OTTAWA – Canada supports senior diplomat accused of interfering in Barbados election after comments on women in politics

Foreign Minister Chrystia Freeland is standing by a senior Canadian diplomat accused of interfering in another country’s election.

Canadian High Commissioner to Barbados Marie Legault raised the ire of Barbadian education minister Ronald Jones, who said in fiery terms Tuesday she should be recalled to Canada for suggesting the country is ready for a female prime minister — and, in his view, implying that citizens should vote for a change in government.

Opposition leader Mia Mottley, of the Barbados Labour Party, is soon to challenge incumbent prime minister Freundel Stuart of the Democratic Labour Party. The country’s parliament dissolved last week but an election date hasn’t yet been set.

Legault was “in no way endorsing any candidate in their upcoming election,” said Adam Austen, a spokesman for Freeland. “On the contrary, she was (speaking) to Canada’s well-established feminist foreign policy as the keynote speaker at an event highlighting gender issues in the Caribbean on International Women’s Day. Canada is proud to support the greater participation of women in all spheres, including politics and government, around the world.”

Legault, a career diplomat, outlined percentages of women in the legislatures of other Caribbean countries during her address at an event last week and said, “I think every country is ready for a male or female prime minister. Gender does not have an impact.”

Legault was responding to comments earlier this year from a political scientist, Maureen Holder, who questioned whether Barbados was ready for a female prime minister or not. According to reports, Holder raised this question while speaking at the headquarters of the DLP, the party in power.

“Has this nation given (a female prime minister) any serious thought, or is it a case that people are so fed up with the DLP that they feel they have no other choice but to accept the next best alternative?” Holder said in January.

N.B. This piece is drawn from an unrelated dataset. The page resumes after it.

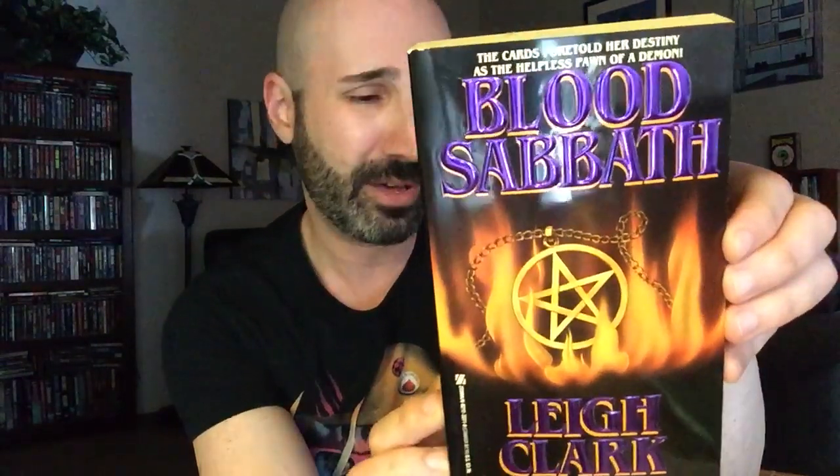I'm really excited about this next one. We've got Blood Sabbath by Lee Clark, published by Zebra in 1991. Lee Clark is the author of The Feeding, a book from the late 80s which I reviewed on the channel last year — it was one of my favorites. Absolutely bonkers, over the top, gory, and ridiculous — I loved every second of it. I'm really looking forward to reading this one. I might do like a satanic summer type thing; I'm toying with that idea.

In response, Jones reportedly told a room of DLP supporters in the capital, Bridgetown that while he likes Prime Minister Justin Trudeau, “I ain’t going up there and tell anybody to vote for he.”

Legault was not the only Barbados resident to weigh in on those comments. A female senator who attended the meeting was quoted saying she firmly believes Barbados is ready for a female prime minister, but maybe Holder meant “not this particular female.”

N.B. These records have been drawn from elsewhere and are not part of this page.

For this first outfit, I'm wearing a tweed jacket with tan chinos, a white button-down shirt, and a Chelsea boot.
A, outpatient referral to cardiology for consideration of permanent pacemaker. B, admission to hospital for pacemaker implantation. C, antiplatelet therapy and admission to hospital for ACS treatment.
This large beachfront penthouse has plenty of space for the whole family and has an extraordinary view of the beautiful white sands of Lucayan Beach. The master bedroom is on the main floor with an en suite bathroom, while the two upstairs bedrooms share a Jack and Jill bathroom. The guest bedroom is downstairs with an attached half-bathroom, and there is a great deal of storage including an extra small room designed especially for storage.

A Barbados newspaper editorial concluded that a public debate on the issue “would not only be embarrassing to us as a developing nation that is wedded in constitutionality to the equality of the sexes but also wasteful, given the imminence of a general election where one of the main parties in the contest is led by a woman.”

Still, Jones rebuked Legault in no uncertain terms. “To think that you can come into my country and because you want to cuddle and cunoodle (sic), you want to have nostrils clean or clear, you say to the people of Barbados to vote for that person. How dare you?” he reportedly said of Legault. “You should be asked to leave or your government should tell you to come home because you have interfered in the domestic political affairs of Barbados.”

He went on: “But I become seriously offended when somehow your garters pop, everything expose and in a demonstration of your proclivities and because you are functioning with some knowledge that I don’t have, you decide to make certain utterances. … Get out!”

Jones ended his criticisms by suggesting that Canadians may eat muskrats, but this doesn’t mean they should come down to Barbados and tell them to eat rats.